_Items from a data source_:
-- -- --
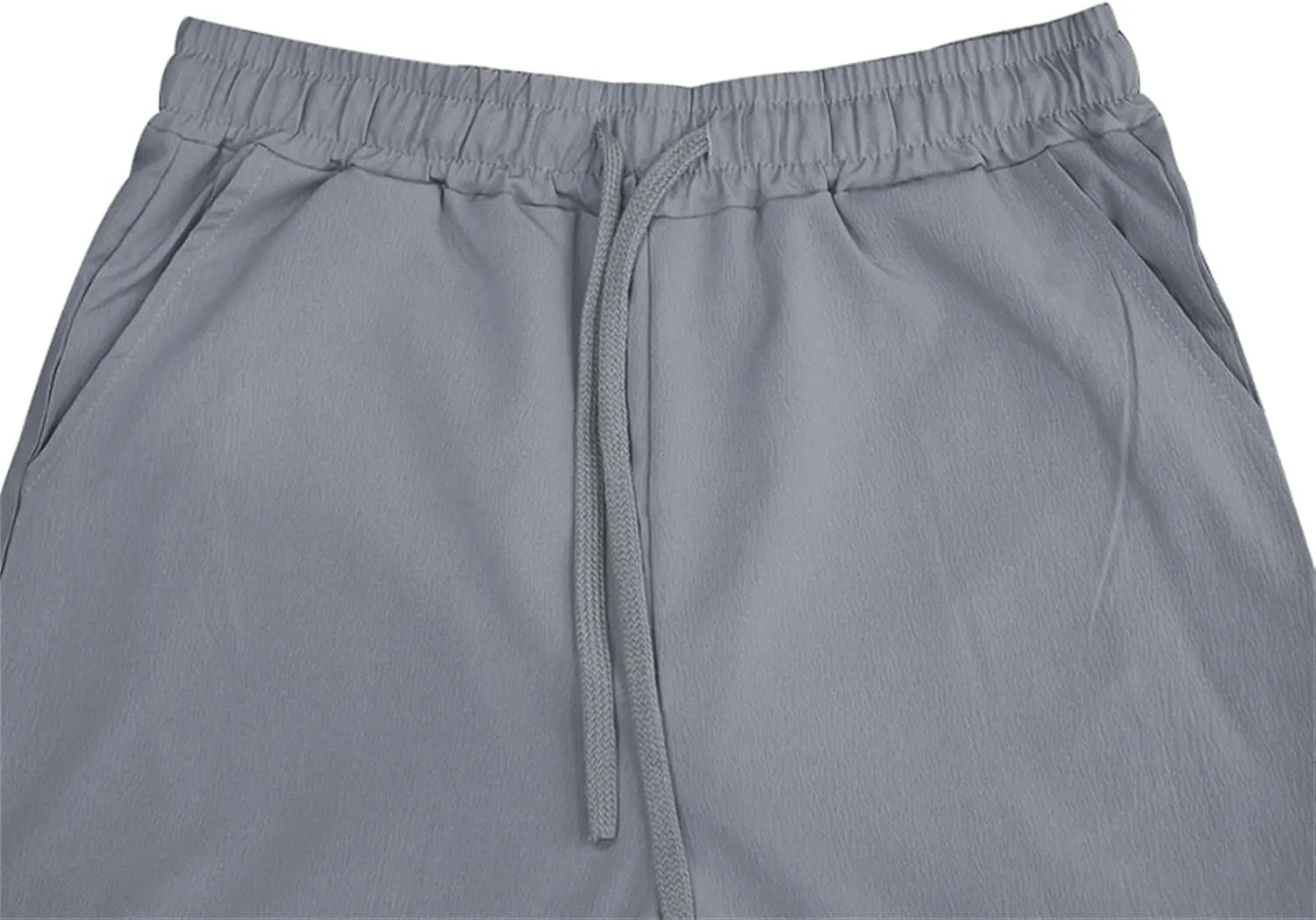 Mens Drawstring Elastic Waist Pants Linen Lightweight Casual Sweatpants Yoga Trousers Loose Fashion Beach Pajamas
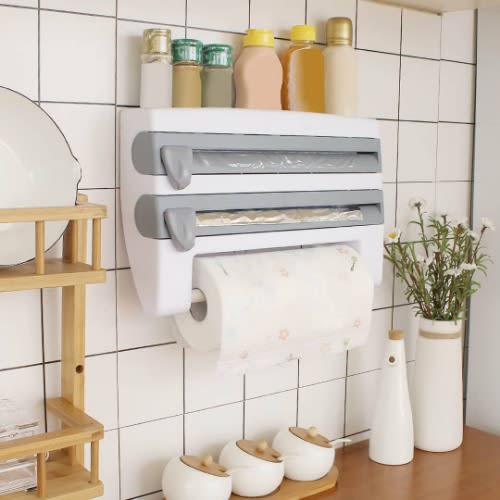 Kitchen Cling Film - Paper Towel Holder & Storage Rack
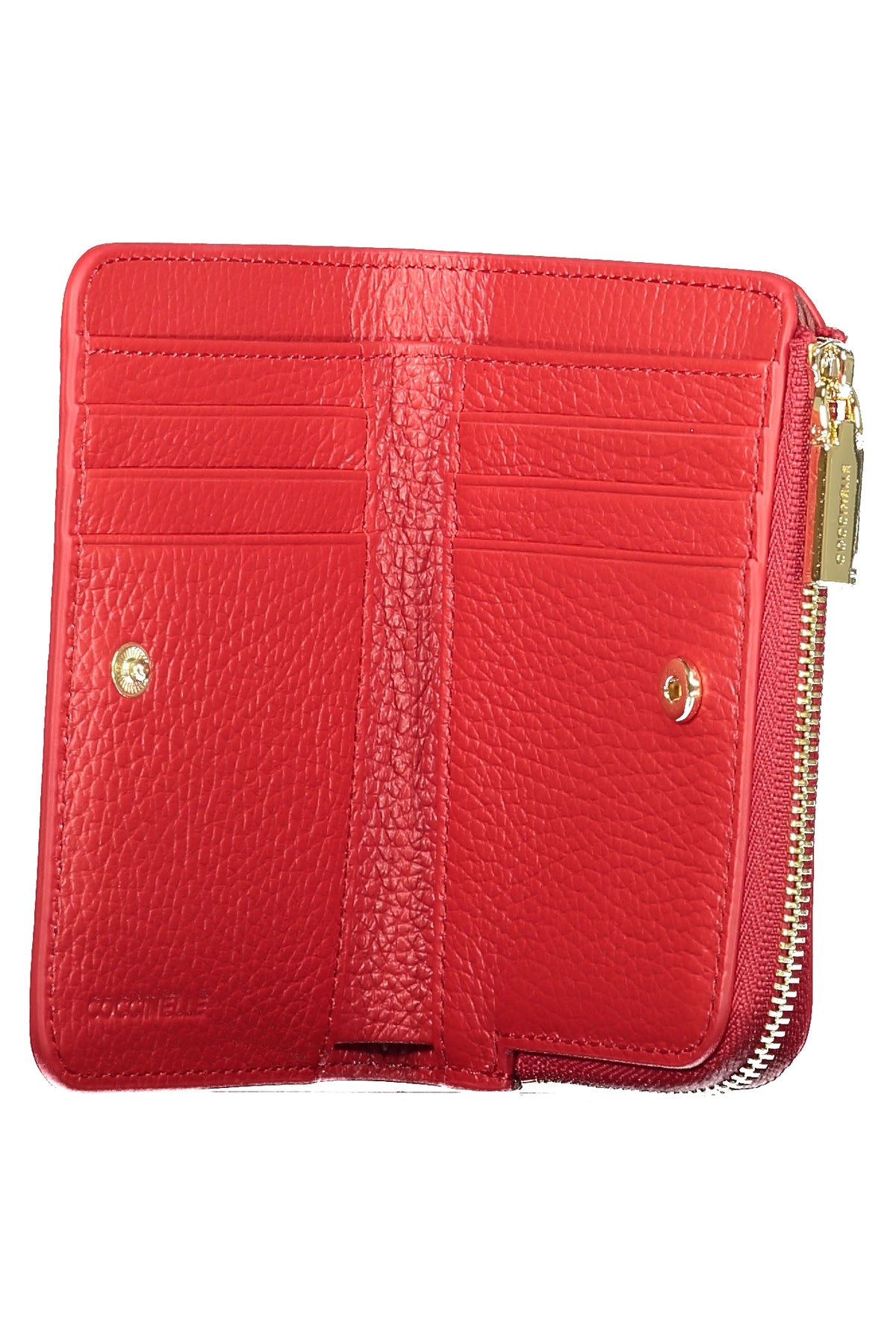 Coccinelle Metallic Soft Wallet - Red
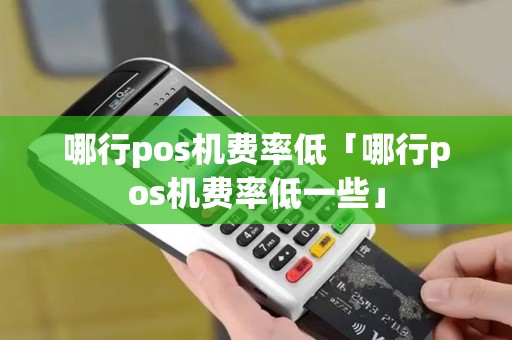 哪行pos机费率低「哪行pos机费率低一些」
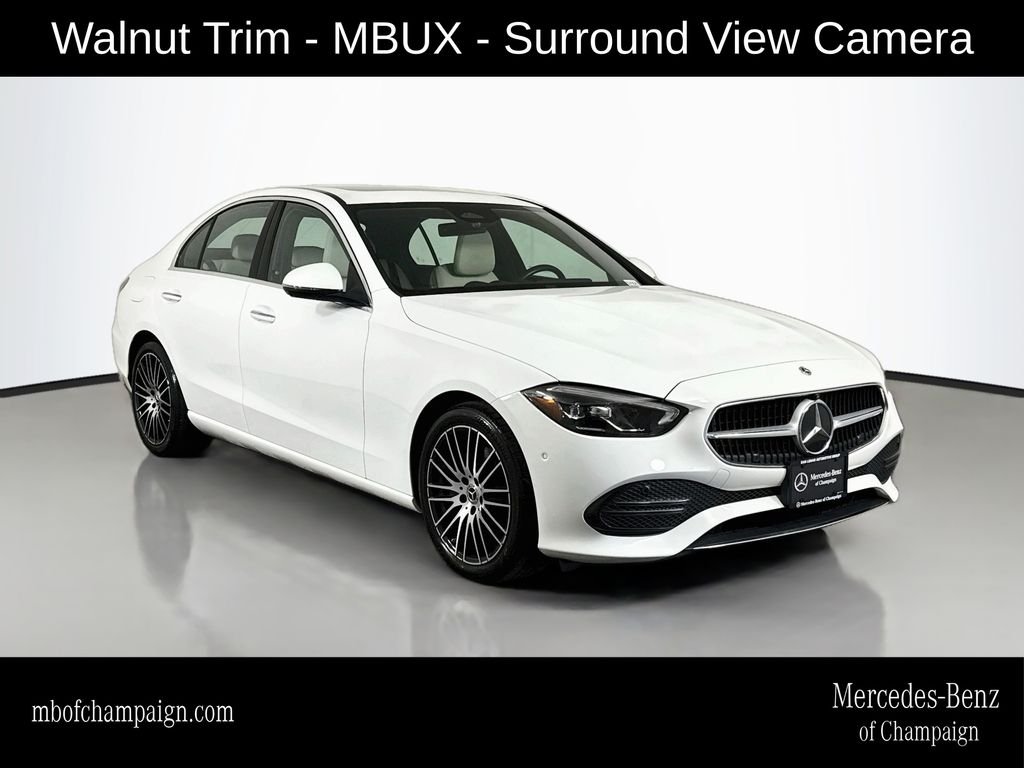 Used 2023 White Mercedes-Benz C 300 image 1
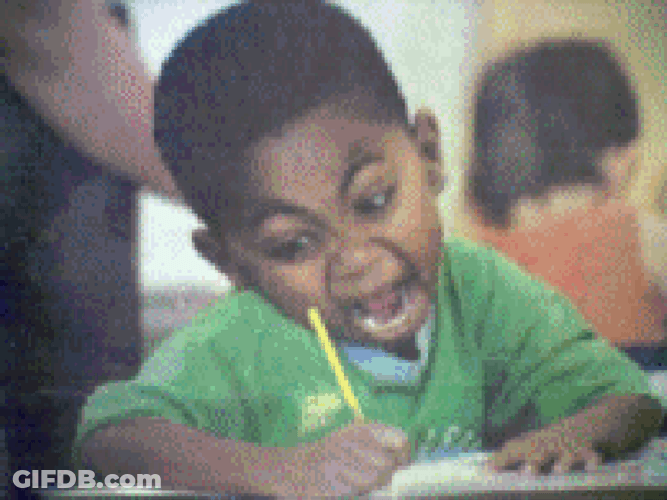 Funny Boy Eager To Study Meme GIF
-- -- --
_The problem_:
The entries above should be reproduced exactly, without their pictures.

_Result of the exercise_:
 Mens Drawstring Elastic Waist Pants Linen Lightweight Casual Sweatpants Yoga Trousers Loose Fashion Beach Pajamas
 Kitchen Cling Film - Paper Towel Holder & Storage Rack
 Coccinelle Metallic Soft Wallet - Red
 哪行pos机费率低「哪行pos机费率低一些」
 Used 2023 White Mercedes-Benz C 300 image 1
 Funny Boy Eager To Study Meme GIF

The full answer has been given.